Then, as I am explaining my positions...
Just out of curiosity, did they include the Venusian Butterfly or the Boondogled Lotus?
Oh their was nothing romantic about this so you should just perish the thought from your mind and just accept that I like womens
I'm sort of curious about the girl from yr classes. the one with the leather skirt and cool style and nice scent. did u try to stalk her? I mean did u bump into her by coincidence here and there and do u have her email address and/or phone number and/or myspace/facebook profile etc (I think she might really go for me if u help me get in touch with her)
Anon.
Well she has a big (huge) chestnut tree outside of her apartment (studio) and does her laundry on M, W, F but I havent foudn her myspace yet
Ahhh.. glad u mentioned it (her apt). It's like wondering what hot chicks have in their purse, only more so. I was really curious to know what sort of stuff she has in her apartment and what how her apartment is. Wasn't sure if u happened to find yourself there or get a peek somehow.
Anon.
Well I woudl never dream of "stalking her, per say" but I often fantasize of being reincarnated as her flanel pajama bottoms
of-course u wouldn't stalk her. that's beneath you. there's lots of ways you could find yourself - just talking theoretically here - hidden in in her wardrobe/closet or under her bead, for several hours, simply in order to avoid(!) being mistaken for a per-se 'stalker'. Like if u found yrself there and suddenly u realized she's about to come in!
Anon.
Exactly. You can only imagin her fear if she saw me again in the laundry room when she does her laundry on Mon, Wed and Friday between 5am and 7am
good hours for laundry. Anyway, so what is her apartment like inside?

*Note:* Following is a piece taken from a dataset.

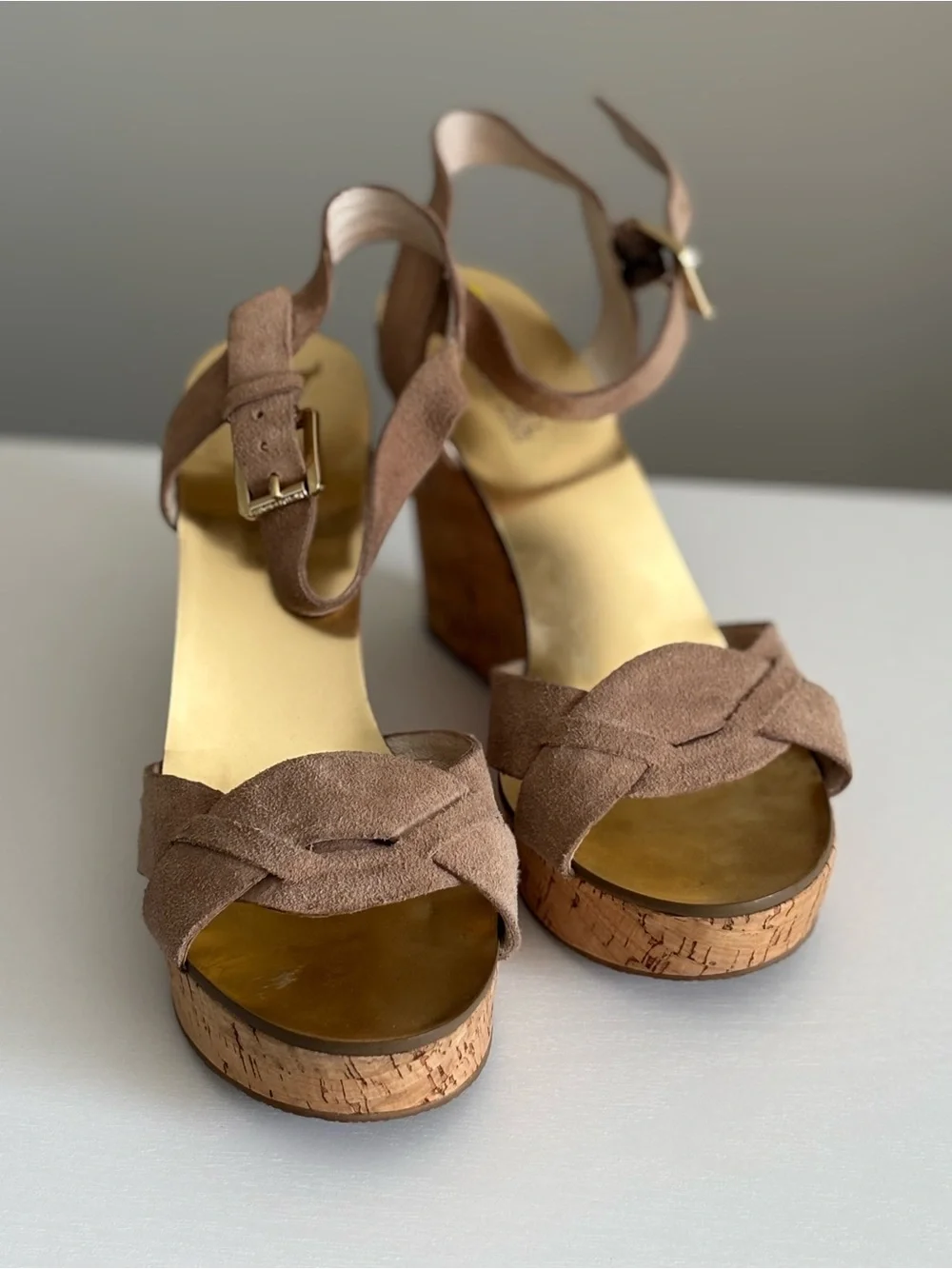 Michael Kors Suede Cork Wedge Sandals – Size 9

Do you have any insight (let's say, educated guesses) on what she's really like and how many guys she dates??
Hey, dude, that is just so gay, but in a really gay kinda way. You know like a half naked guy rubbing on your gay junk kinda gay way.
2dogs and soorat, you two seem to have a lot in common! You should really consider getting closer....

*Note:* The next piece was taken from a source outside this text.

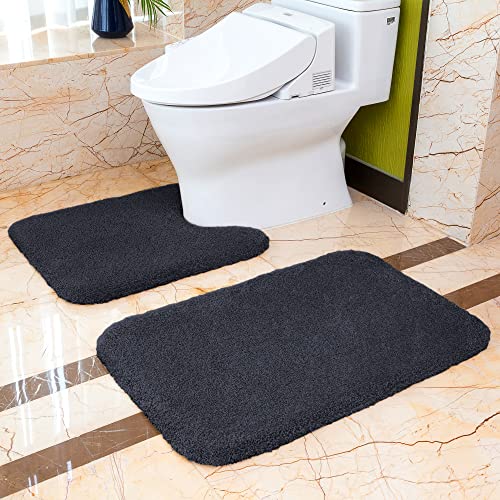 Badematten Set 2 Teilig Rutschfest Badvorleger Set Verdickt Badteppich Badgarnitur Set Weich Flauschige Mikrofaser Badezimmer Teppich Set, 50 x 80cm Badeteppich + 50 x 60cm WC Vorleger (Schwarz) von VANZAVANZU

Funny how, even with this massive bulk of evidence to the contrary, you both persist in trying to make dean04prez seem like he's gay. He's as not-gay as they come and you just go twisting things around. *sigh*
Meanwhile I'm still wondering what her apartment looks like!
and since you two show zero interest in her or her apartment it's a little odd to have you harping on about some innocent coincidence is somehow 'gay'.

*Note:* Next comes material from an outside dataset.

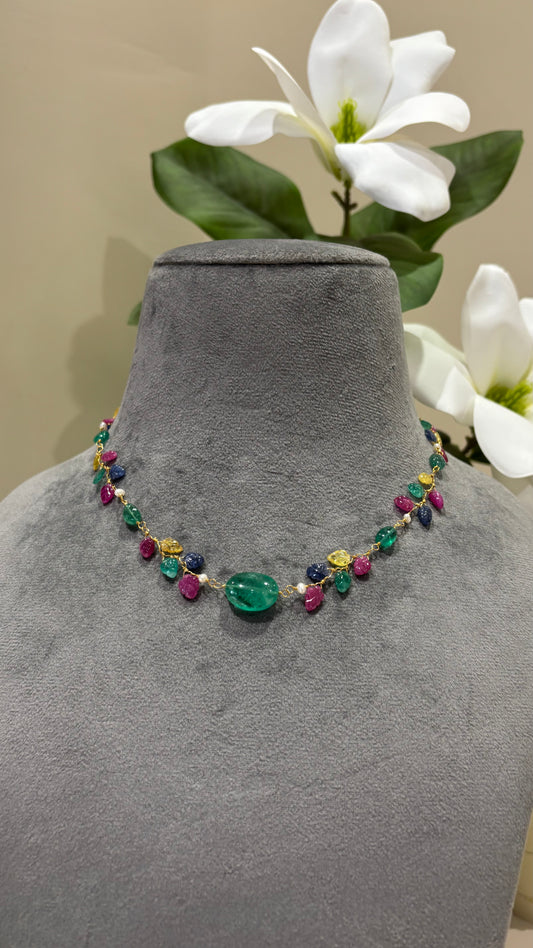 The Celeste Garland Necklace III - 14k Gold Natural Zambian Emerald, Sapphire & Ruby Art Nouveau Beaded Necklace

don't listen to them dean04prez!
You're wrong, anon, honest. I'm just confused about why dean is so embarrassed about being gay. Heck, I wish I were gay. Being a heterosexual male is just so...so...so mainstream!
Blech!
Her apartment is maticulously clean and smells of fresh linen. Her boyfriend (current for the moment) never get to spend the night. More details to follow.
Also I'm not gay.
Always remember your epiphany if you suddenly doubt yourself on that.
I somehow knew, just was certain, that her apartment was completely spotless and tidy and clean. With - at most - one pair of underpants strewn casually, almost fashionably, on the polished floor.
Looking forward to the 'more details'. Meanwhile, poor current bf, how long does he spend at her place, what sort of car does he drive and what sort of guy did she pick?
See stoorat, that's the kind of details Non-gay people take an intense interest in.
A word to the wise: gay guys get all the chicks. You might try pretending to be gay--I bet that'd spark her interest.
Failing that, you could write love poetry of exquisite poignancy and then, from the darkened bushes, feed it to her boyfriend line-by-line while he repeats what you say at full volume from beneath her window. I hear that works wonders.
Her name isn't "Roxanne" by any chance, is it?
Hey I write poetry but I am afraid to post it hear because when ever I pour my heart out (metaphoricaly) in to my blog (here), you always take advantage / mock me.
Did it ever occur to you that I am just a victim of circumstances ad not reallly gay?
Dean, I would never take advantage / mock you! I look up to you as a role model, and am horrified at the thought that you might believe otherwise! I was only trying to help you find your inner gayness since, as far as I can tell, that is the only area in which you're anything other than the ideal for which progressivism in this country strives!
Poetry can be a very personal thing, and I understand if you're not quite ready to share innermost feelings with the whole world (internet) just yet. However, I must admit that I'm intrigued. Perhaps you could give us some idea of the style in which you write? What great poets, for example, influenced your writing; that sort of thing?